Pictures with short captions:
# # # #
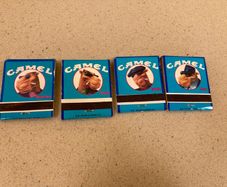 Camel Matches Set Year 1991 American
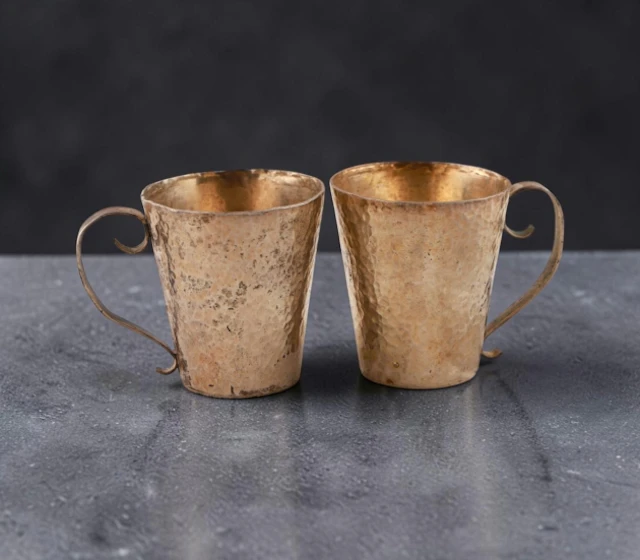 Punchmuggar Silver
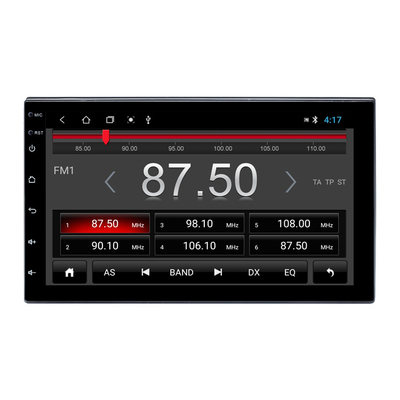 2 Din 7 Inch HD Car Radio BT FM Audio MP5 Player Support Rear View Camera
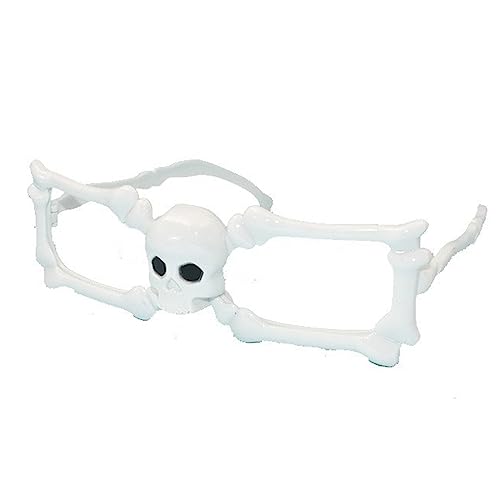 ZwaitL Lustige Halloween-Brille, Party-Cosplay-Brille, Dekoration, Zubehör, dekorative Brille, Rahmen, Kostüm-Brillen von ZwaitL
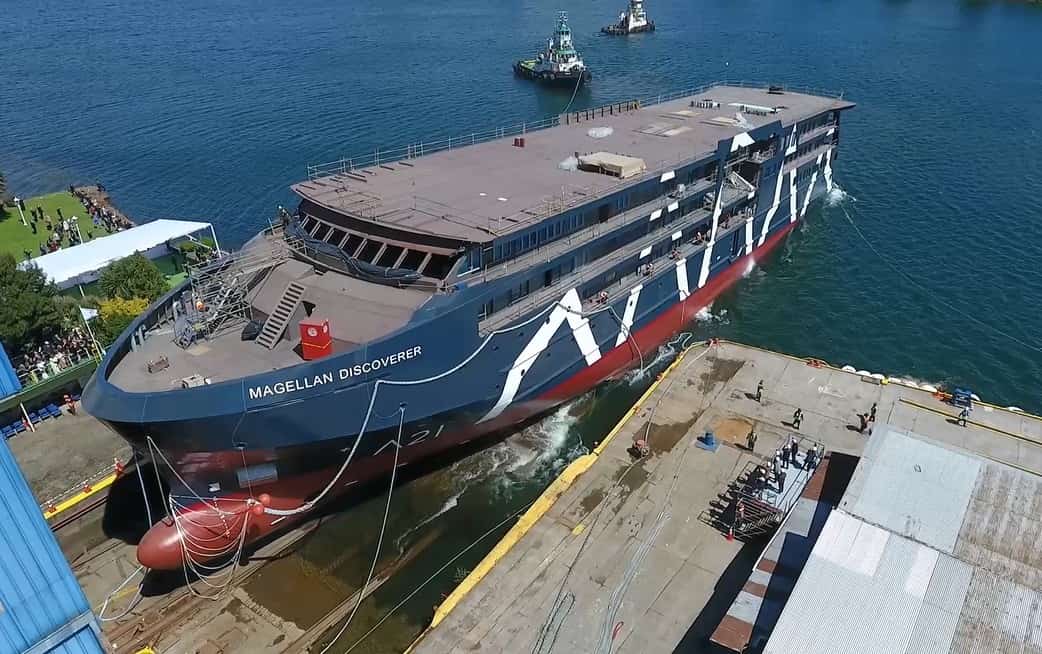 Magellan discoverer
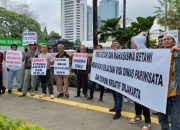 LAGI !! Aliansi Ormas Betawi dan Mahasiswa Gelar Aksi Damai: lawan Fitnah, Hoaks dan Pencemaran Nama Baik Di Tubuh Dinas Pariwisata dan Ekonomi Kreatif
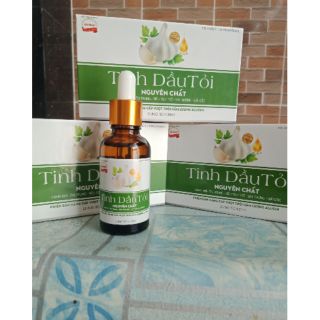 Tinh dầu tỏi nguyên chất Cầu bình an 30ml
# # # #
Only lines from the one holding "Kostüm-Brillen von ZwaitL" through the last line of the entries above are wanted, both ends included, each retyped exactly; no pictures.

Result —
 ZwaitL Lustige Halloween-Brille, Party-Cosplay-Brille, Dekoration, Zubehör, dekorative Brille, Rahmen, Kostüm-Brillen von ZwaitL
 Magellan discoverer
 LAGI !! Aliansi Ormas Betawi dan Mahasiswa Gelar Aksi Damai: lawan Fitnah, Hoaks dan Pencemaran Nama Baik Di Tubuh Dinas Pariwisata dan Ekonomi Kreatif
 Tinh dầu tỏi nguyên chất Cầu bình an 30ml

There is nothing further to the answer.